If you are expecting me to start with the letter A, you would be wrong. Nearly ten years ago I wrote about the A, B, and C foundations of coaching, and about two years later I wrote about letters D, E, and F. Now after that long delay, I return with letters G, H, and I.
G – Goals
If there is no goal or objective, why would we be coaching, or what would we be coaching about? Often, people mistake coaching as only being necessary for people who are under-achieving or have some “performance problem.” While coaching is certainly appropriate and needed in those situations, coaching is equally relevant and important for those who are doing well but want to achieve more or learn new skills.
Whether you are thinking about coaching for correction or coaching for development, the underlying fact remains – there must be a goal that we are coaching towards. You might call it expectations or the objective, but whatever you call it, there must be a goal for the coaching being delivered.

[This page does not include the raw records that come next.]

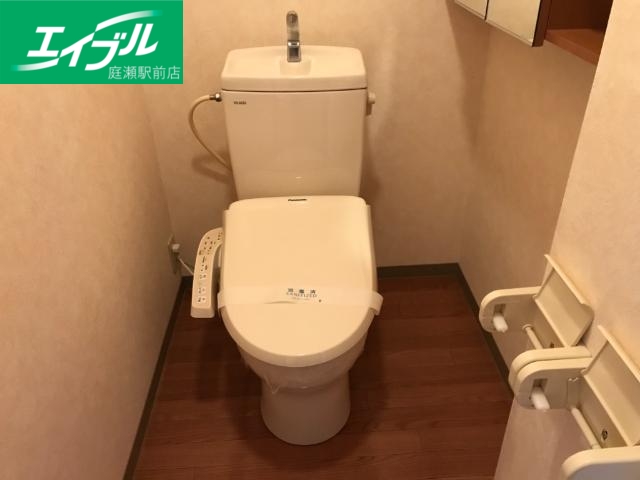 トイレ　シャワー付きといれ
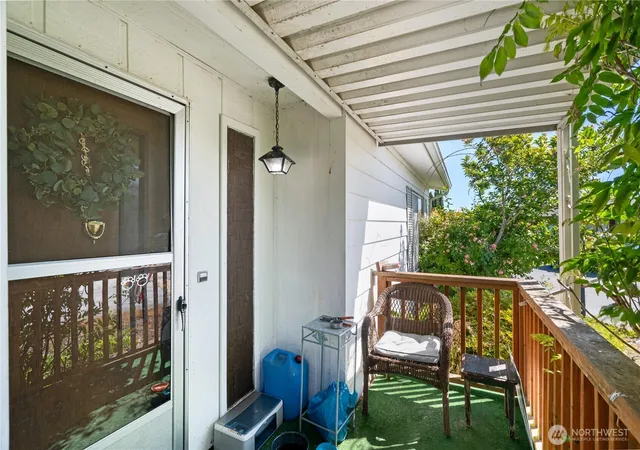 Photo 2 of Manufactured home for sale at 3 Meander Way, Aberdeen, WA 98520 | MLS# NWM2540381 | Listing updated on 2026-09-22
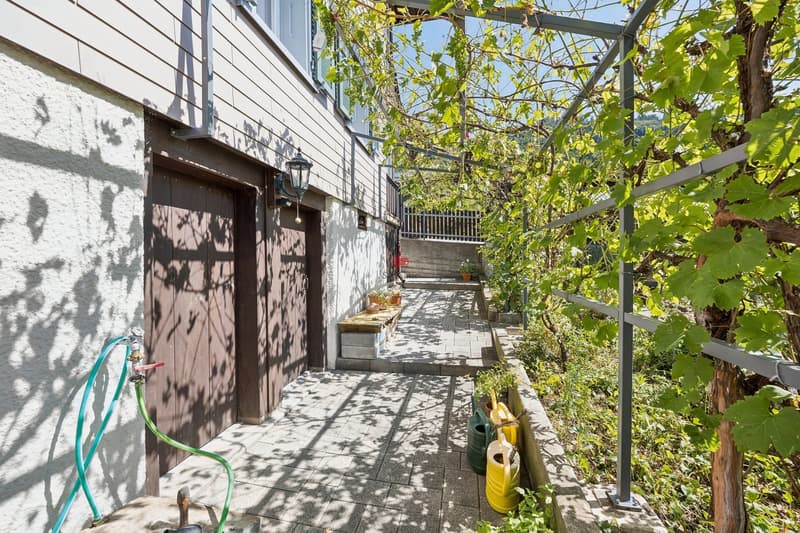 Zweifamilienhaus mit zusätzlichem Ausbaupotenzial (2)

The best coaches help those they are coaching have a clear goal and purpose for the coaching relationship.
H – Honesty
The coaching delivered must be honest. That may seem like an obvious statement, yet it is too important to ignore. On the surface it is obvious, and while honesty in coaching is critical, there is more than one way to be honest.
Some of us have coached (or received coaching) that was honest, but harsh, and perhaps too direct. If the delivery isn’t effective, the (honest) message may not be received in a way that leads to application. In other words, while a coach must be honest, to be most effective they must deliver that honest feedback in a way that makes sense and is receivable. That means using data and clear examples, and not being so direct as to be seen as mean or blunt.
I am not suggesting or implying that coaches should “sugarcoat” the message. Rather, think about how to deliver the complete and honest feedback in a way that will be both understood and received. Until the person being coached understands and receives the message, it can’t be translated into action.
The best coaches give honest feedback in a way that people can accept and apply what might be a tough message.
I – Influence
Coaching is all about influence.
The coach can’t “make” or force someone to do something new. The role of the coach isn’t to force, but rather to provide a perspective and insight that leads the person being coached to choose a new direction or action. The previous discussion about honesty as a coach is a perfect example. As a coach, your job is to influence people to do something different, which means you must think about your approach and your role differently.
The coaches job is to help people come to a new conclusion or make a new choice – and support people in making that new choice.
The best coaches focus on how they can influence others, not convince or coerce them.
Will I ever complete the alphabet? I don’t know. What I do know is that with these three articles, I have described nine principles that we must take to heart if we want to be a more effective coach.